Four of the men were hanged this morning in Tihar Jail at 5:30 am for the crime that had sparked widespread protests across the country and led to toughening of laws against sex offenders in India.

The men, mostly school dropouts were neighbours at a slum cluster in south Delhi’s RK Puram area.

Here is a look at who they were:

Mukesh Singh (33): He was the cleaner of the bus and had hit the woman and her friend with an iron rod on board the bus.

Mukesh Singh had said in an interview from jail for a BBC documentary aired in 2015 that women who went out at night had only themselves to blame if they attracted the attention of molesters.

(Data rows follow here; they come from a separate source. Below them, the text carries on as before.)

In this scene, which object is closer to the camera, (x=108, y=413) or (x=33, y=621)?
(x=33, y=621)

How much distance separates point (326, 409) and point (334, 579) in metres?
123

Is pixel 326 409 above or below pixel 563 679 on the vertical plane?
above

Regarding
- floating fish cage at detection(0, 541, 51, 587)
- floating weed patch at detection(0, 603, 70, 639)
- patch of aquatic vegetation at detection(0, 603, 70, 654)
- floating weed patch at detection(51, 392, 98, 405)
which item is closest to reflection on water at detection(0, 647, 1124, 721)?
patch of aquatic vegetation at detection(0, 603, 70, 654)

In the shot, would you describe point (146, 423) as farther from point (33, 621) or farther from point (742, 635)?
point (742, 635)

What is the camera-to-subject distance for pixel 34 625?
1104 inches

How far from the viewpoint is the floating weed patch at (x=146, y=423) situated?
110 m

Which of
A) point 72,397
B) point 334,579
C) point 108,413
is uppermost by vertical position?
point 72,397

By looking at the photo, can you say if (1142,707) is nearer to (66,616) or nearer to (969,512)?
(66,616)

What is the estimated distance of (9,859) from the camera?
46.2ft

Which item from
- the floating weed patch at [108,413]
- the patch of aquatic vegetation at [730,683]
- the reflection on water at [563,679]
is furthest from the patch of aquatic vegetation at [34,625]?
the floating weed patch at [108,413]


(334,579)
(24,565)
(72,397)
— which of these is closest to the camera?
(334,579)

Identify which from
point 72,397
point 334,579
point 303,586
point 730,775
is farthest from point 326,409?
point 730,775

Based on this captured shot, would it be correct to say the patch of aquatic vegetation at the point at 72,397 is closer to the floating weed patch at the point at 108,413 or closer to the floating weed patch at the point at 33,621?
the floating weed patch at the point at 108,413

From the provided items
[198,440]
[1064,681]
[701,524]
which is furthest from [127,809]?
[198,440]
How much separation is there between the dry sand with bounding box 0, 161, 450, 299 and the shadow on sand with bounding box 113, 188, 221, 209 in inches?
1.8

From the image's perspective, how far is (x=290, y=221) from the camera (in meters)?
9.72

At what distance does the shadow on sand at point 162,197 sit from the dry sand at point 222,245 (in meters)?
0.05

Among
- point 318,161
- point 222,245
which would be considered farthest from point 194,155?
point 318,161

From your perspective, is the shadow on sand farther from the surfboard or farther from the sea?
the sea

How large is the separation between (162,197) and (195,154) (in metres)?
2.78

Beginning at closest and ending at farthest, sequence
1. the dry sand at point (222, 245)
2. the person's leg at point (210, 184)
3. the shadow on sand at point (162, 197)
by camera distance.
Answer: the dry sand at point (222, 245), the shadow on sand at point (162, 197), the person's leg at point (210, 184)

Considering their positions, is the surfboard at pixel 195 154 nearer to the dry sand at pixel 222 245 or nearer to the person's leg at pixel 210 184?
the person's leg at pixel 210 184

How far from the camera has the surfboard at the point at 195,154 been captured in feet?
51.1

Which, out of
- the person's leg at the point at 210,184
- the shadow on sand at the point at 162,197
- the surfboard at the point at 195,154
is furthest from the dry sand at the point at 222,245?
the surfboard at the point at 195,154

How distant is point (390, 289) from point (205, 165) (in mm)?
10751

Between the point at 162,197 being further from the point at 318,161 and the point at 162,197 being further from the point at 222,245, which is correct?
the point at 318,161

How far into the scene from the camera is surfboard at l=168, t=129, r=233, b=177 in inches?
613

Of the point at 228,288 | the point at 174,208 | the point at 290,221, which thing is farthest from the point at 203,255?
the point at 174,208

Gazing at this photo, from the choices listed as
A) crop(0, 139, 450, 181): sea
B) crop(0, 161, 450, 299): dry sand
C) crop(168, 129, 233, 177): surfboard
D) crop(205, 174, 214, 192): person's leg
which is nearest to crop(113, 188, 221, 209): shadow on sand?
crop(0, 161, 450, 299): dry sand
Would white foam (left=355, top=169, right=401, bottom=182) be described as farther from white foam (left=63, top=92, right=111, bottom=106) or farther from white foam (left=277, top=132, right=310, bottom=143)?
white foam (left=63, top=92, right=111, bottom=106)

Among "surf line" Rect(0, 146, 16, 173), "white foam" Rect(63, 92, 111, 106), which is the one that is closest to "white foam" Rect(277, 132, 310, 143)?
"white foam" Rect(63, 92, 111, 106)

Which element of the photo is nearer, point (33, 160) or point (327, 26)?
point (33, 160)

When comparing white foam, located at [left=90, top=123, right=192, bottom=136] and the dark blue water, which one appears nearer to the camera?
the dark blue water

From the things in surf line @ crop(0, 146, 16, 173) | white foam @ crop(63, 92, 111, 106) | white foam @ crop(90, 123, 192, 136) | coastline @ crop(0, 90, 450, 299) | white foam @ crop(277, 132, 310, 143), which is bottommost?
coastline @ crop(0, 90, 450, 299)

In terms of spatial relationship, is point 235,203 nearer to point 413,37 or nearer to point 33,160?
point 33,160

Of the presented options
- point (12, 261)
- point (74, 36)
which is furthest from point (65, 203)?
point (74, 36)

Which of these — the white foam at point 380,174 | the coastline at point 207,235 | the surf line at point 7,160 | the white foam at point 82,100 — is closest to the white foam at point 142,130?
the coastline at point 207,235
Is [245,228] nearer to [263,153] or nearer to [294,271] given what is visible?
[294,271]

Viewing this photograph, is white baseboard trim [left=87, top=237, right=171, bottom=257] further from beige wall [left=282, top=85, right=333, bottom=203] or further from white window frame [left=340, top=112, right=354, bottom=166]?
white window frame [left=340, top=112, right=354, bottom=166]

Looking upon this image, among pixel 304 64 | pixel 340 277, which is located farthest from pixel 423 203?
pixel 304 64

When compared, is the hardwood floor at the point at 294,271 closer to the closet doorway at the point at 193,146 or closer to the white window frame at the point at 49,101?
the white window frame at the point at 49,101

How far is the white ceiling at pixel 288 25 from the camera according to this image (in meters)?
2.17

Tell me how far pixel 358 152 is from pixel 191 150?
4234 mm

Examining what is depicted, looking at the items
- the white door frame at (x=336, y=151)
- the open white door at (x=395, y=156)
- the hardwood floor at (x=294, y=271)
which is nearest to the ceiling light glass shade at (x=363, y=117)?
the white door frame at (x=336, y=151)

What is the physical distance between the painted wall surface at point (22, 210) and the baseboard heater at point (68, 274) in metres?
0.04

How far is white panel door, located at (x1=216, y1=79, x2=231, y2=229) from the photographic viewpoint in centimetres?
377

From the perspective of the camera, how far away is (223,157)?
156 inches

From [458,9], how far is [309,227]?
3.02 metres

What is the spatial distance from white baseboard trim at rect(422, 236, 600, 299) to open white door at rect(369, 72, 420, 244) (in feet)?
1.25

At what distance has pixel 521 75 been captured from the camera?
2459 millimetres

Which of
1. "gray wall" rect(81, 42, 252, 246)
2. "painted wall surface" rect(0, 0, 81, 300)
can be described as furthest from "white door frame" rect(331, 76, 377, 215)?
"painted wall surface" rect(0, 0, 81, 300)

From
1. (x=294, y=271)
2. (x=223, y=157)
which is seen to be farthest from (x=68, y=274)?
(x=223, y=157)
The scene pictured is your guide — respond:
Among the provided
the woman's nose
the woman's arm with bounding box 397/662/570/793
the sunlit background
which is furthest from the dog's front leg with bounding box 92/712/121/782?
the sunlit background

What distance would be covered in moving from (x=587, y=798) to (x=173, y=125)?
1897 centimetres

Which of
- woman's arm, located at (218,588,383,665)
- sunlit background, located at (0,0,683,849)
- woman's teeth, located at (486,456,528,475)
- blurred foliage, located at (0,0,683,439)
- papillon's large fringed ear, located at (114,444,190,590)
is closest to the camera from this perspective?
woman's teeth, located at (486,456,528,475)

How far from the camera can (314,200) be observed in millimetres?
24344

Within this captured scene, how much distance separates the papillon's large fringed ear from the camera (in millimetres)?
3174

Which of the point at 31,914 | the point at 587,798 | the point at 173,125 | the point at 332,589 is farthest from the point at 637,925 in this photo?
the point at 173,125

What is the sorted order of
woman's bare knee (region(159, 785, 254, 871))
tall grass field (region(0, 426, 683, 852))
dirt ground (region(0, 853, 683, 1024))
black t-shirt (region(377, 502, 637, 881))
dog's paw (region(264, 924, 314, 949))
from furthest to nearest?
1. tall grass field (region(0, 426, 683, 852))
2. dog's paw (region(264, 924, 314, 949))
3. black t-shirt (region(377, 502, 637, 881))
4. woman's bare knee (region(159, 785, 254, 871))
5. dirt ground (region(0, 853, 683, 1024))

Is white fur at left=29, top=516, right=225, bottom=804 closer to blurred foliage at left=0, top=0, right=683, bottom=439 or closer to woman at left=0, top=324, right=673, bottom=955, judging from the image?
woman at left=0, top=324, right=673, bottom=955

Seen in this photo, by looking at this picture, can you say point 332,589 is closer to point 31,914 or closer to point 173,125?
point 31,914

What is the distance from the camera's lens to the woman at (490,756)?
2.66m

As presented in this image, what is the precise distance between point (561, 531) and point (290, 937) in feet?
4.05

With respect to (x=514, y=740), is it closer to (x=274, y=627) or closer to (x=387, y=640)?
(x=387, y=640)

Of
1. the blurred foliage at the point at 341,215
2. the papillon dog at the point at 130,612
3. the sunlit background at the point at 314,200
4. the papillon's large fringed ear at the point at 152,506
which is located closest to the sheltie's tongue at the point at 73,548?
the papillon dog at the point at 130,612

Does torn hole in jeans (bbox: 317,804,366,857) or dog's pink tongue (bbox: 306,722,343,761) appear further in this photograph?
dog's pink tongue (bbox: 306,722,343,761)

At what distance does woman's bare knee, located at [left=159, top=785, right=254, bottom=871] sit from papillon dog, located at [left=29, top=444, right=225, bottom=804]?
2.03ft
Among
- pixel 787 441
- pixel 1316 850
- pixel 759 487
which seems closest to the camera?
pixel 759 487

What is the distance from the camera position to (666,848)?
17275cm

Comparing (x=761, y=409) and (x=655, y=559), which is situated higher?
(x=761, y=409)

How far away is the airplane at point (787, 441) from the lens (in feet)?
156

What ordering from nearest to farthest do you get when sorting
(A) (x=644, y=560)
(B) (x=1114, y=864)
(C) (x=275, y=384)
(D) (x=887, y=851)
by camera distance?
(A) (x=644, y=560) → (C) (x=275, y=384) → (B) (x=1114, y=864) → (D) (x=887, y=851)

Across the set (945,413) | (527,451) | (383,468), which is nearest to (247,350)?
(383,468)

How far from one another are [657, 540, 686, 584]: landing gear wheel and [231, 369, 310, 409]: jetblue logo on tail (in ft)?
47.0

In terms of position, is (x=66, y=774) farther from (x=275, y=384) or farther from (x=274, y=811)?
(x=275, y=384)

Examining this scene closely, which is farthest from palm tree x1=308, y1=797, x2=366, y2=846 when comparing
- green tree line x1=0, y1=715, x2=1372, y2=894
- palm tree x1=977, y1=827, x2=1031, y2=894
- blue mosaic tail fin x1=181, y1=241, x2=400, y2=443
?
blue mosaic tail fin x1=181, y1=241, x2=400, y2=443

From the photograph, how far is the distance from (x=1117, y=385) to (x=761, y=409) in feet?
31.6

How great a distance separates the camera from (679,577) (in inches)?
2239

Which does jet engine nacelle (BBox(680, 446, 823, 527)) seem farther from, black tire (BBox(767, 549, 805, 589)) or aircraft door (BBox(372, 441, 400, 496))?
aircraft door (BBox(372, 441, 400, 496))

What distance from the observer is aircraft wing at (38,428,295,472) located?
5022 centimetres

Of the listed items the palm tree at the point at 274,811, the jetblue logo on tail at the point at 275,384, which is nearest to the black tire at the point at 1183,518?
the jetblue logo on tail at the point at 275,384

Akshay Thakur (33): Thakur was a school dropout from Aurangabad district of Bihar. He was married and has a young son. The youngest of three brothers, his wife had sought a divorce so she does not have to live with the “stigma” of being the widow of a rapist.

Vinay Sharma (27): Sharma, a gym instructor, drove the bus when the other four men and a juvenile raped the woman. He then gave the wheel to Mukesh Singh to take turn to rape her.

Of the five convicted, he was the only one who had a school education and spoke English.

Pawan Gupta (25): Gupta, a fruit-seller, took turns to rape the woman and assault her friend. Youngest of the four convicts, he pursued graduation from inside Tihar Jail.

Ram Singh (33): The elder brother of Mukesh, Ram Singh was the driver of the bus and known to be notorious for caring little for law. He had attacked the woman with an iron rod causing her intestines to spill out.

Ram Singh was the first one to be caught on December 17, 2012. He was sitting on the same bus where the men had raped the woman and where his bloodstained clothes were also found when the police nabbed him.

He was found hanging in his cell at Tihar Jail in March 2013.

The juvenile : The juvenile was tried by the Juvenile Justice Board for raping and assaulting the woman. He was found guilty on charges of rape and murder and sentenced to three years in a reform facility, the maximum sentence available to a juvenile, in August 2013.

He was released after he completed his term in December 2015. He worked as a cook at a roadside eatery in somewhere in south India and then at a prominent restaurant.

He was 11 when he fled home, 240 km from Delhi, and had a family of an elder sister, an ailing mother, younger siblings and a bedridden father. The family still lives in the same village.